I want to help children who face the terrible trials I did. At the age of 13, I was diagnosed with Crohn’s. For the next 10 years, I struggled to cope with life. Crohn’s, like the majority of bowel disorders, can be incurable, debilitating, and a force to destructively shape a young person’s life and future prospects.

Sixteen delegates from within the Scottish social enterprise ecosystem descended on the Brisbane Exhibition Centre. The event was an assembly of some of the best SE thinkers and practitioners in the world all sharing knowledge and experiences for the betterment of all within the SE ecosystem worldwide.

It was my second attendance at such a key international convention. On each occasion, it was clear to me that Scots were not just attendees but actually key players on a world stage of experts. This was no doubt a reflection on the commitment by the Scottish Government to support and develop Scottish SEs.

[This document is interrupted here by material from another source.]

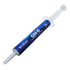 PCCOOLER GM-6 Nano Diamond Thermal Grease | SKU CS-THERMAL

SEs play a key role in Foreign Direct Investment (FDI) for the Scottish economy and can benefit from the tremendous support of the Scottish Government, its agencies and its network of social enterprise support organisations, all there to help in the most appropriate way they can to develop a prosperous social economy.

In particular, the International Social Enterprise Observatory (ISEO) offers invaluable support to any SEs looking to expand internationally, both outward to foreign markets and inward to Scotland. Although all delegates had social entrepreneurship in common, we each had our own specific reason or reasons for being there. One of mine was to learn more about how SEs operated across borders. I also extended my stay to include some business meetings in both Brisbane and Sydney.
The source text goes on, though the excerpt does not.